Here is a simple test.

n <- 6L
do <- dist(seq_len(n))
dm <- unname(as.matrix(do))
ij <- cbind(sample(6L), sample(6L))
identical(do[, 4L], dm[, 4L]) # TRUE
identical(do[ij], dm[ij]) # TRUE

And here is find_nearest2. Note instances where the subset operator [ is applied to object D. Due to the optimizations in our subset method, none of these involve coercion from "dist" to "matrix".

find_nearest2 <- function(data, dist, coordvar, idvar) {
  m <- match(coordvar, names(data), 0L)
  n <- nrow(data)
  if (n < 2L) {
    argmin <- NA_integer_[n]
    distance <- NA_real_[n]
  } else {
    ## Compute distance matrix
    D <- dist(data[m])
    ## Extract minimum off-diagonal distances
    patch.which.min <- function(x, i) {
      x[i] <- Inf
      which.min(x)
    }
    argmin <- integer(n)
    index <- seq_len(n)
    for (j in index) {
      argmin[j] <- forceAndCall(2L, patch.which.min, D[, j], j)
    }
    distance <- D[cbind(argmin, index)]
  }
  ## Return focal point data, nearest neighbour ID, distance
  r1 <- data[-m]
  r2 <- data[argmin, idvar, drop = FALSE]
  names(r2) <- paste0(idvar, "_nearest")
  data.frame(r1, r2, distance, row.names = NULL, stringsAsFactors = FALSE)
}

Let's source @dww's C++ code so that calc_dist is available in our R session.

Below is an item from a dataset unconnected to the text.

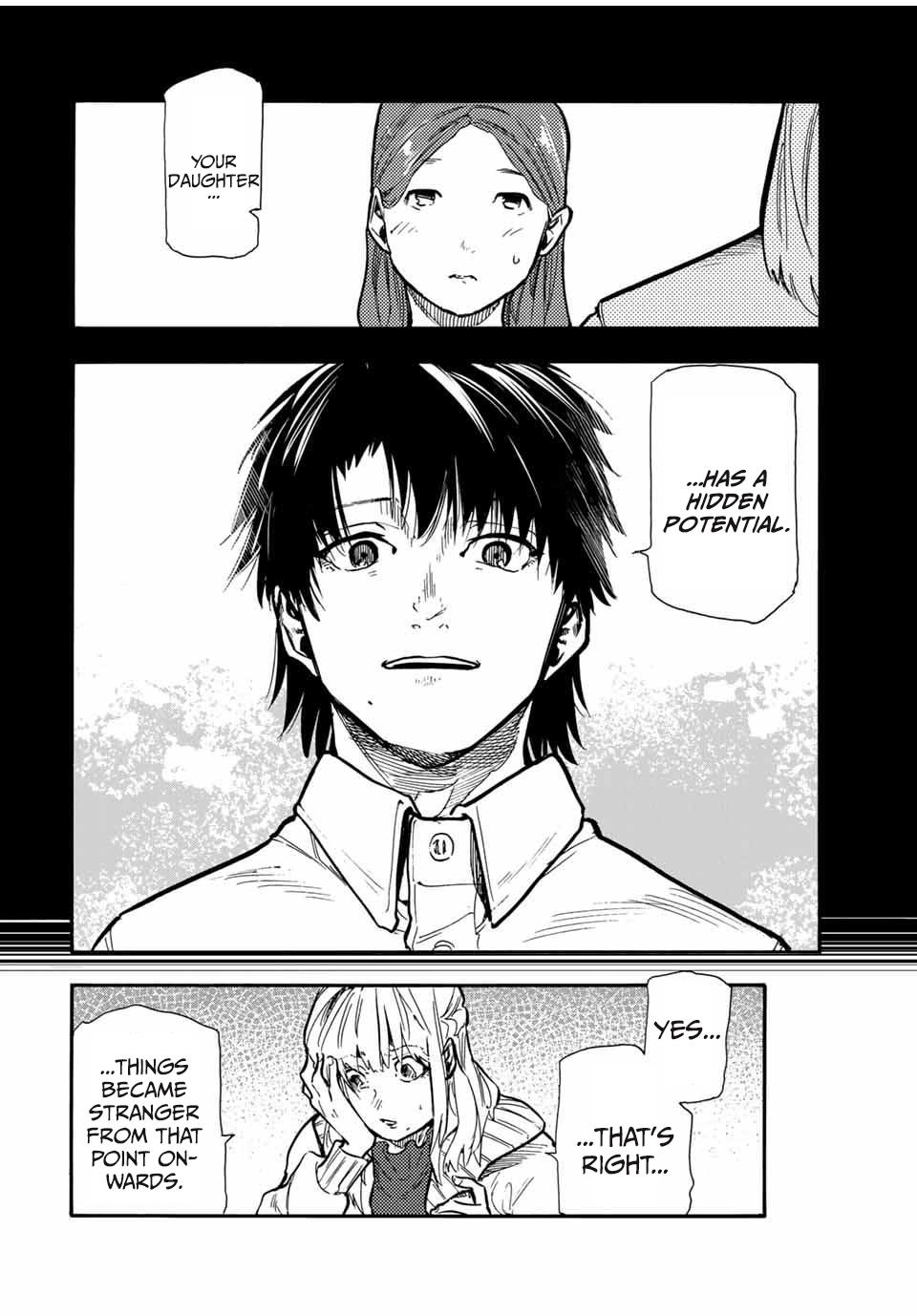 Juujika no Rokunin Chap 158 - Next Chap 159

code <- '#include <Rcpp.h>
using namespace Rcpp;

double distanceHaversine(double latf, double lonf, double latt, double lont, double tolerance) {
  double d;
  double dlat = latt - latf;
  double dlon =  lont - lonf;
  d = (sin(dlat * 0.5) * sin(dlat * 0.5)) + (cos(latf) * cos(latt)) * (sin(dlon * 0.5) * sin(dlon * 0.5));
  if(d > 1 && d <= tolerance){
    d = 1;
  }
  return 2 * atan2(sqrt(d), sqrt(1 - d)) * 6378137.0;
}

double toRadians(double deg){
  return deg * 0.01745329251;  // PI / 180;
}

// [[Rcpp::export]]
NumericVector calc_dist(Rcpp::NumericVector lat, 
                        Rcpp::NumericVector lon, 
                        double tolerance = 10000000000.0) {
  std::size_t nlat = lat.size();
  std::size_t nlon = lon.size();
  if (nlat != nlon) throw std::range_error("lat and lon different lengths");
  if (nlat < 2) throw std::range_error("Need at least 2 points");
  std::size_t size = nlat * (nlat - 1) / 2;
  NumericVector ans(size);
  std::size_t k = 0;
  double latf;
  double latt;
  double lonf;
  double lont;
  
  for (std::size_t j = 0; j < (nlat-1); j++) {
    for (std::size_t i = j + 1; i < nlat; i++) {
      latf = toRadians(lat[i]);
      lonf = toRadians(lon[i]);
      latt = toRadians(lat[j]);
      lont = toRadians(lon[j]);
      ans[k++] = distanceHaversine(latf, lonf, latt, lont, tolerance);
    }
  }
  
  return ans;
}
'
Rcpp::sourceCpp(code = code)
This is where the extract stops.